Information supplied:
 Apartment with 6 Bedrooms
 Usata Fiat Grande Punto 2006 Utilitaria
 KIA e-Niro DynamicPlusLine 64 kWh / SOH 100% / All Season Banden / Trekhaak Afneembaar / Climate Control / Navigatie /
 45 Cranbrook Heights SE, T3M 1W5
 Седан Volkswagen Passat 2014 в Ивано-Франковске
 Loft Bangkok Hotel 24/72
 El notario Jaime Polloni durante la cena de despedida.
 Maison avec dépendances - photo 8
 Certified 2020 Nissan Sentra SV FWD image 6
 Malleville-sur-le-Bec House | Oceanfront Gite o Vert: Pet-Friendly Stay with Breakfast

Your assignment:
With the first line of the records as the start and the line holding "Седан Volkswagen Passat" as the end, please copy exactly those lines and no others.

Your solution:
 Apartment with 6 Bedrooms
 Usata Fiat Grande Punto 2006 Utilitaria
 KIA e-Niro DynamicPlusLine 64 kWh / SOH 100% / All Season Banden / Trekhaak Afneembaar / Climate Control / Navigatie /
 45 Cranbrook Heights SE, T3M 1W5
 Седан Volkswagen Passat 2014 в Ивано-Франковске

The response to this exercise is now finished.